What the task requires. Print the whole listing again, exactly as it stands.

Record excerpts.
-=-=-

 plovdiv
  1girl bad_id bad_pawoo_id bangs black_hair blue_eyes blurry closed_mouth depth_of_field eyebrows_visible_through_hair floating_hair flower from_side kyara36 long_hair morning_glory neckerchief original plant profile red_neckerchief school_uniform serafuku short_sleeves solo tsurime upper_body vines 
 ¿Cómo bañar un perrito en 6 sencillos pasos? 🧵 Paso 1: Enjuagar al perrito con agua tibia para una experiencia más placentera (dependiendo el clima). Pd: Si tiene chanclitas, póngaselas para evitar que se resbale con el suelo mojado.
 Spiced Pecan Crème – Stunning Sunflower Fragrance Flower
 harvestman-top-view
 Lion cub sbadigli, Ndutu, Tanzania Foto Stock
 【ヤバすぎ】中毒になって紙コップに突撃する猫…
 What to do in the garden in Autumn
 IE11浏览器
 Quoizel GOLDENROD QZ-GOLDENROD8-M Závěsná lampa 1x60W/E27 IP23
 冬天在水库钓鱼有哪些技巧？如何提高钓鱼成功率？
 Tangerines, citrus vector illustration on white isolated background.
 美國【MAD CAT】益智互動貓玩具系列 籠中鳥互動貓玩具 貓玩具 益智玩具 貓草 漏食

-=-=-

Problem solution.
 plovdiv
  1girl bad_id bad_pawoo_id bangs black_hair blue_eyes blurry closed_mouth depth_of_field eyebrows_visible_through_hair floating_hair flower from_side kyara36 long_hair morning_glory neckerchief original plant profile red_neckerchief school_uniform serafuku short_sleeves solo tsurime upper_body vines 
 ¿Cómo bañar un perrito en 6 sencillos pasos? 🧵 Paso 1: Enjuagar al perrito con agua tibia para una experiencia más placentera (dependiendo el clima). Pd: Si tiene chanclitas, póngaselas para evitar que se resbale con el suelo mojado.
 Spiced Pecan Crème – Stunning Sunflower Fragrance Flower
 harvestman-top-view
 Lion cub sbadigli, Ndutu, Tanzania Foto Stock
 【ヤバすぎ】中毒になって紙コップに突撃する猫…
 What to do in the garden in Autumn
 IE11浏览器
 Quoizel GOLDENROD QZ-GOLDENROD8-M Závěsná lampa 1x60W/E27 IP23
 冬天在水库钓鱼有哪些技巧？如何提高钓鱼成功率？
 Tangerines, citrus vector illustration on white isolated background.
 美國【MAD CAT】益智互動貓玩具系列 籠中鳥互動貓玩具 貓玩具 益智玩具 貓草 漏食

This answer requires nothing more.